Контроль над КГБ был поручен Отделу административных органов ЦК КПСС. В нем имелся сектор органов КГБ — единственный сектор, фамилию заведующего которым не печатали даже в служебном списке телефонов ЦК, просто было написано «Зав. сектором»: как в известном рассказе Юрия Тынянова «Подпоручик Киже», зав. — «персона секретная, фигуры не имеет».

Но, конечно, не загадочный зав. сектором, а сам заведующий отделом фактически осуществлял наблюдение за влиятельными «органами». Наблюдение было пристальным и, вероятно, не всегда приятным. Во всяком случае именно с этим связывали в Москве авиационную катастрофу, происшедшую около Белграда через несколько дней после падения Хрущева: там, по неясным причинам сойдя с обычной трассы, разбился о гору Авала самолет с советской правительственной делегацией, в составе которой был назначенный Хрущевым заведующий Отделом административных органов ЦК Миронов. Говорили, что он уж очень мешал Шелепину в бытность его председателем КГБ, а затем его преемнику Семичастному — обоим наиболее ретивым организаторам свержения Хрущева.

О том, насколько непростой этот пост — заведующего Отделом административных органов ЦК, свидетельствовало и то, что послехрущевское коллективное руководство еще пару лет не могло договориться о кандидатуре нового заведующего. Утвержден был новый заведующий — Савинкин — уже тогда, когда с возрастанием роли КГБ поднялся и уровень контроля над ним. Этим делом занялся секретарь ЦК КПСС Иван Васильевич Капитонов, имевший давний опыт партийной работы с «органами»: более 40 лет назад, когда я имел случай познакомиться с И. В. Капитоновым, этот суровый круглолицый человек, по-военному подтянутый, был секретарем по кадрам Краснопресненского райкома партии Москвы.

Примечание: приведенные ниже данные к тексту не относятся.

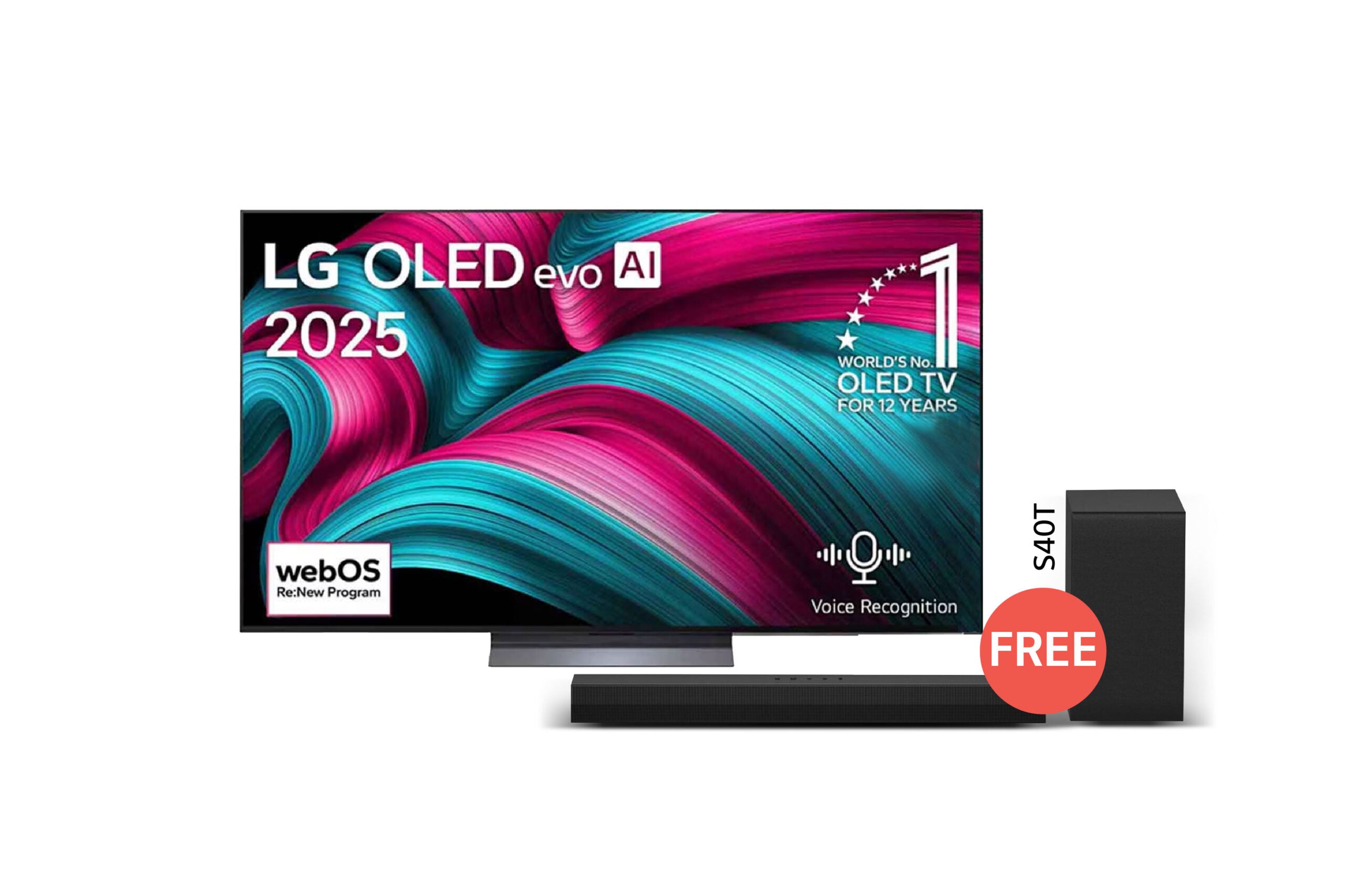 LG OLED evo AI C5 4K Smart TV 55" 144Hz (2025)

Хотя включение Председателя КГБ Ю. В. Андропова в число членов Политбюро, а затем его избрание Генеральным секретарем ЦК сделало еще менее значительной роль безымянного зав. сектором, верхушка класса номенклатуры продолжает ревниво следить за тем, чтобы «органы» не вышли из-под ее контроля.

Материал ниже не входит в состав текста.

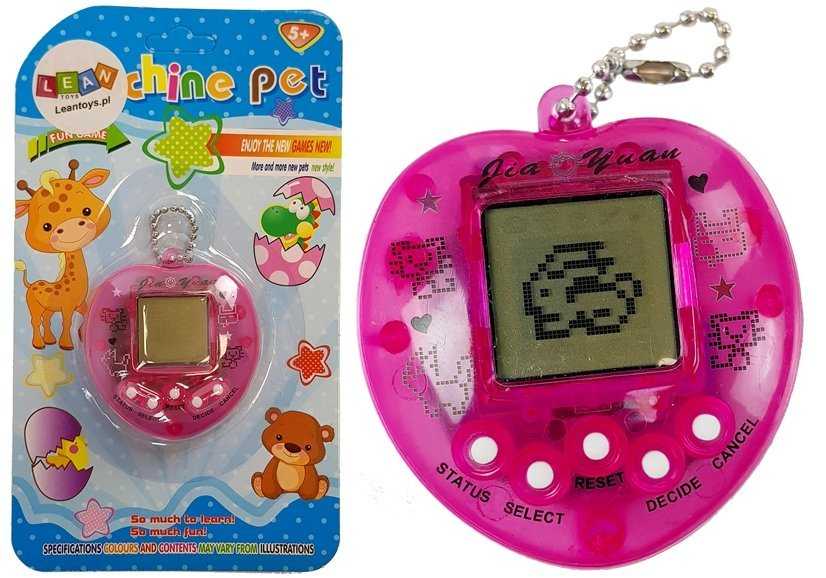 Elektroninis žaidimas Tamagotchi, rožinis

Укрощение КГБ явилось наиболее важным шагом к неотчуждаемости номенклатуры. Остальное легко улаживается на основе культивируемых в номенклатуре круговой поруки и кастового духа.

Неотчуждаемость номенклатуры — важная гарантия для «нового класса». В советской пропаганде неизменно подчеркивается значение таких социалистических завоеваний, как бесплатное обучение, низкая квартплата. О социалистическом завоевании «нового класса» — неотчуждаемости номенклатуры — пропаганда юлчит. Между тем из всех социалистических завоеваний именно это имеет наибольшее значение для формирования всего уклада жизни в условиях реального социализма.